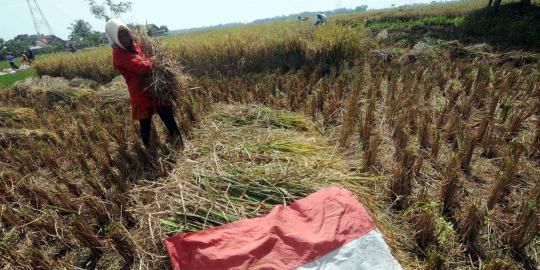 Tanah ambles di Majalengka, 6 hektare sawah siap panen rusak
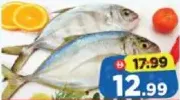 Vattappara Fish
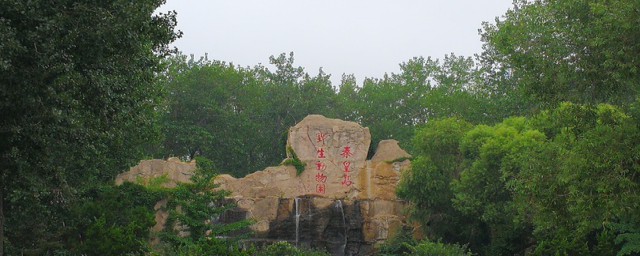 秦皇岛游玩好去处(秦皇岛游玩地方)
+ + + +
**Exercise prompt**
An exact repeat of all the data is required, pictures excluded.

**Written response**
 Tanah ambles di Majalengka, 6 hektare sawah siap panen rusak
 Vattappara Fish
 秦皇岛游玩好去处(秦皇岛游玩地方)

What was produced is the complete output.